PROBLEM DESCRIPTION: Set down all the data again. Change nothing.

PROVIDED RECORDS:
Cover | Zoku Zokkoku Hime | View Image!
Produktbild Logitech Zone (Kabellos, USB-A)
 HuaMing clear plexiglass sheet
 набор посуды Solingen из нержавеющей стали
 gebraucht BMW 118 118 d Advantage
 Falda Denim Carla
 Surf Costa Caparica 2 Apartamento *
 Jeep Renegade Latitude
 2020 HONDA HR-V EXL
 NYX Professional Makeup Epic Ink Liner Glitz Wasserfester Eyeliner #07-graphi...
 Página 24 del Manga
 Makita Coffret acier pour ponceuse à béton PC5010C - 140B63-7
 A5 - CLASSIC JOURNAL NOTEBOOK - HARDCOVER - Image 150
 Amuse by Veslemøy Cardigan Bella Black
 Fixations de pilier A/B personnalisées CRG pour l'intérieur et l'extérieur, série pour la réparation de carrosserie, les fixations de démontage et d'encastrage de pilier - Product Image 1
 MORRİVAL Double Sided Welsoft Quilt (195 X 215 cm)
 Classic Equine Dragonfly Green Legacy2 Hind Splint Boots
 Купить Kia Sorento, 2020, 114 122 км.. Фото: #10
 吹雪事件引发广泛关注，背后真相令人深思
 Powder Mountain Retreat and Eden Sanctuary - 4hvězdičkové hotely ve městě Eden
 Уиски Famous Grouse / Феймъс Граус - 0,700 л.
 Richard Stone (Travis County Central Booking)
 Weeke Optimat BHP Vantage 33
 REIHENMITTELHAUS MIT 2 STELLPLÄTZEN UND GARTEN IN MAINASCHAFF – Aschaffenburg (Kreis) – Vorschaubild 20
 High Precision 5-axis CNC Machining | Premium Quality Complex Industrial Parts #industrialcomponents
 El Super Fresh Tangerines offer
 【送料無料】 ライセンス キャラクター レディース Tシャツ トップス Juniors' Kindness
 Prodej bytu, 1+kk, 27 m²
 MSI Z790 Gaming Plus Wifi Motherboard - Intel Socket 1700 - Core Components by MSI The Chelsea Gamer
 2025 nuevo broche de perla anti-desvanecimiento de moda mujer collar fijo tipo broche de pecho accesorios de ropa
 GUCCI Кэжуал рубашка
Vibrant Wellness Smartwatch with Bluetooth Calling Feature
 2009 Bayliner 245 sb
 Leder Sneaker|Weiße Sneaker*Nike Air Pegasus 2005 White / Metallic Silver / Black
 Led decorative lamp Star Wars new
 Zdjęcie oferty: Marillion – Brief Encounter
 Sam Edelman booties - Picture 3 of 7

OUTPUT FOR THIS EXERCISE:
Cover | Zoku Zokkoku Hime | View Image!
Produktbild Logitech Zone (Kabellos, USB-A)
 HuaMing clear plexiglass sheet
 набор посуды Solingen из нержавеющей стали
 gebraucht BMW 118 118 d Advantage
 Falda Denim Carla
 Surf Costa Caparica 2 Apartamento *
 Jeep Renegade Latitude
 2020 HONDA HR-V EXL
 NYX Professional Makeup Epic Ink Liner Glitz Wasserfester Eyeliner #07-graphi...
 Página 24 del Manga
 Makita Coffret acier pour ponceuse à béton PC5010C - 140B63-7
 A5 - CLASSIC JOURNAL NOTEBOOK - HARDCOVER - Image 150
 Amuse by Veslemøy Cardigan Bella Black
 Fixations de pilier A/B personnalisées CRG pour l'intérieur et l'extérieur, série pour la réparation de carrosserie, les fixations de démontage et d'encastrage de pilier - Product Image 1
 MORRİVAL Double Sided Welsoft Quilt (195 X 215 cm)
 Classic Equine Dragonfly Green Legacy2 Hind Splint Boots
 Купить Kia Sorento, 2020, 114 122 км.. Фото: #10
 吹雪事件引发广泛关注，背后真相令人深思
 Powder Mountain Retreat and Eden Sanctuary - 4hvězdičkové hotely ve městě Eden
 Уиски Famous Grouse / Феймъс Граус - 0,700 л.
 Richard Stone (Travis County Central Booking)
 Weeke Optimat BHP Vantage 33
 REIHENMITTELHAUS MIT 2 STELLPLÄTZEN UND GARTEN IN MAINASCHAFF – Aschaffenburg (Kreis) – Vorschaubild 20
 High Precision 5-axis CNC Machining | Premium Quality Complex Industrial Parts #industrialcomponents
 El Super Fresh Tangerines offer
 【送料無料】 ライセンス キャラクター レディース Tシャツ トップス Juniors' Kindness
 Prodej bytu, 1+kk, 27 m²
 MSI Z790 Gaming Plus Wifi Motherboard - Intel Socket 1700 - Core Components by MSI The Chelsea Gamer
 2025 nuevo broche de perla anti-desvanecimiento de moda mujer collar fijo tipo broche de pecho accesorios de ropa
 GUCCI Кэжуал рубашка
Vibrant Wellness Smartwatch with Bluetooth Calling Feature
 2009 Bayliner 245 sb
 Leder Sneaker|Weiße Sneaker*Nike Air Pegasus 2005 White / Metallic Silver / Black
 Led decorative lamp Star Wars new
 Zdjęcie oferty: Marillion – Brief Encounter
 Sam Edelman booties - Picture 3 of 7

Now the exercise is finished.